The frequent appearance of queues of desperate motorists at filling stations in search of Premium Motor Spirit, otherwise known as petrol, could affect the Christmas and New Year festivities, oil marketers stated on Friday.
It was also gathered that oil marketers were now free to sell petrol at any rate as the Federal Government was no more restraining them from dispensing the commodity at a regulated price.
Fuel queues have continued to appear and disappear since January this year despite the hike in the cost of the commodity by oil marketers without any approval from the Federal Government or sanctions imposed on them.
Rather than speak on the matter, the Federal Government, through its Nigeria Midstream and Downstream Petroleum Regulatory Authority, chose to remain mute.
Officials of the agency neither answered calls, nor replied to text messages sent to their mobile phones on issues of the scarcity of petrol nationwide.
Similarly, the sole importer of PMS into the country, the Nigerian National Petroleum Company Limited, has refused to make any comment on the development.

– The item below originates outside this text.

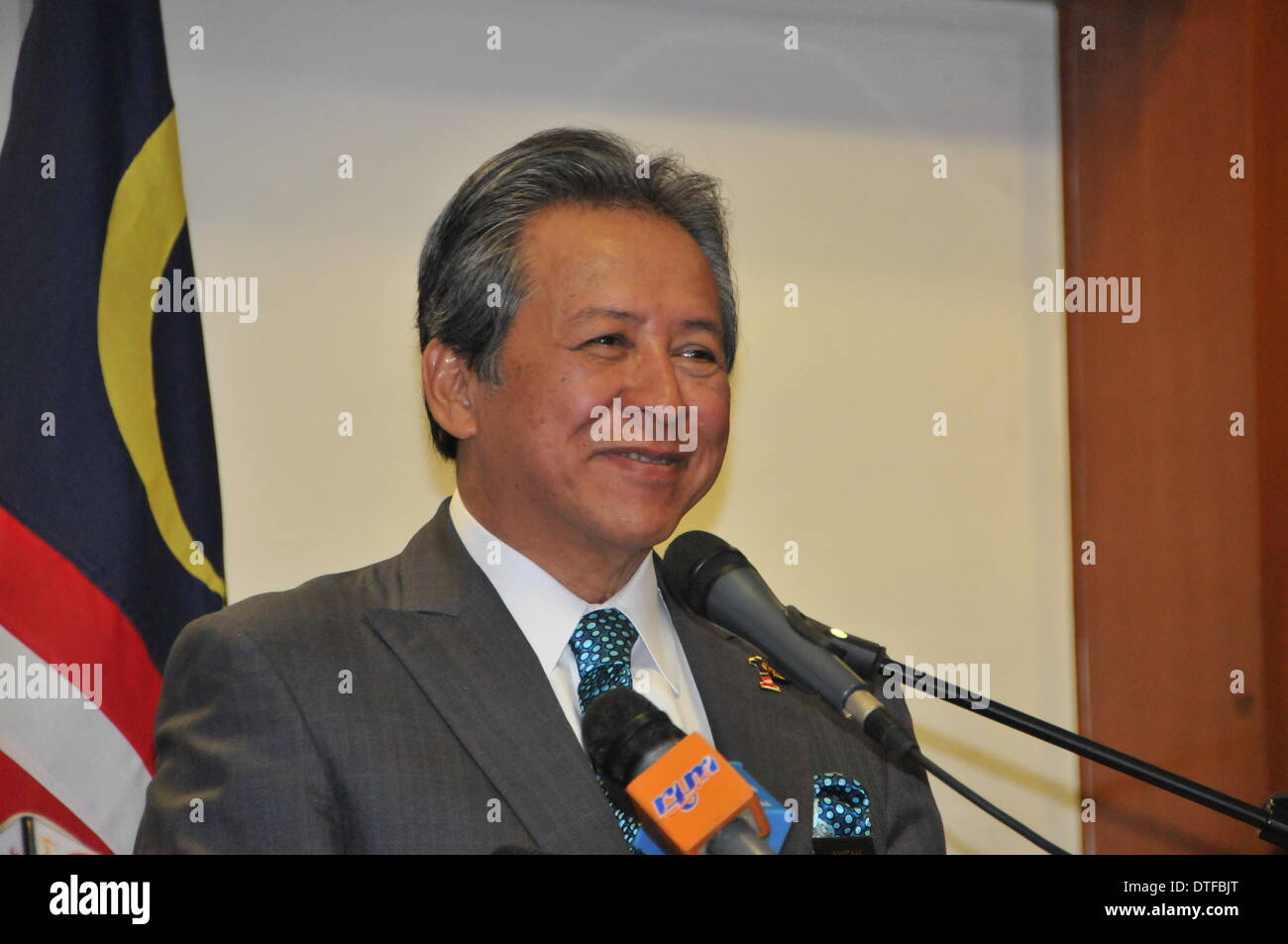 Putrajaya, Malaysia. 17. Februar 2014. Malaysische Außenminister Anifah Aman nimmt an einer gemeinsamen Pressekonferenz mit seinem australischen Amtskollegen Julie Bishop (nicht im Bild) in Putrajaya, Malaysia, 17. Februar 2014. Malaysia die bilateralen Beziehungen mit Deutschland fördern, sagte malaysische Außenminister Anifah Aman hier am Montag nach einem Treffen mit seinem australischen Pendant Julie Bishop. Bildnachweis: Zhao Bochao/Xinhua/Alamy Live-Nachrichten Stockfoto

The NMDPRA, in its report on product sufficiency on Thursday, however, claimed that there was 33.17-day sufficiency of PMS in the country as of November 24, 2022. It also stated that about 2.1 billion litres of petrol was in stock despite the widespread queues nationwide.
But oil marketers countered the government as they argued that there had been concerns around logistics and the supply of products by the national oil company and sole importer.
They also stated that some new charges had been introduced in the downstream oil sector, which had given rise to a hike in the ex-depot price of petrol, adding that all these concerns could further make the current fuel queues to linger beyond December.
“Recently, there have been a lot of charges that marketers pay. There are some charges that the NNPC adds to the pump price, but recently we were told to be prepared to bear freight charges and others,” a major marketer, who pleaded not to be named due to lack of authorisation, stated.
The official added, “Also, pipeline charges that used to be 50 kobo before, are now N1 per litre. Now, these charges force depot owners to increase their ex-depot rates as against the one proposed by the NNPC.
“These and more concerns have led to the crisis in the downstream sector and it may stretch till December or even beyond if nothing tangible is done to address the challenges.”
Asked if the government was no more concerned about the pump price of petrol, the marketer replied, “Nobody cares about how much you sell now. That is why you cannot see the NNPC ex-depot prices to be the same in all the depots.
“There are some changes in rates now, which the NNPC cannot accommodate and they have to push it to marketers to absorb. This is why you see people sell at different rates.”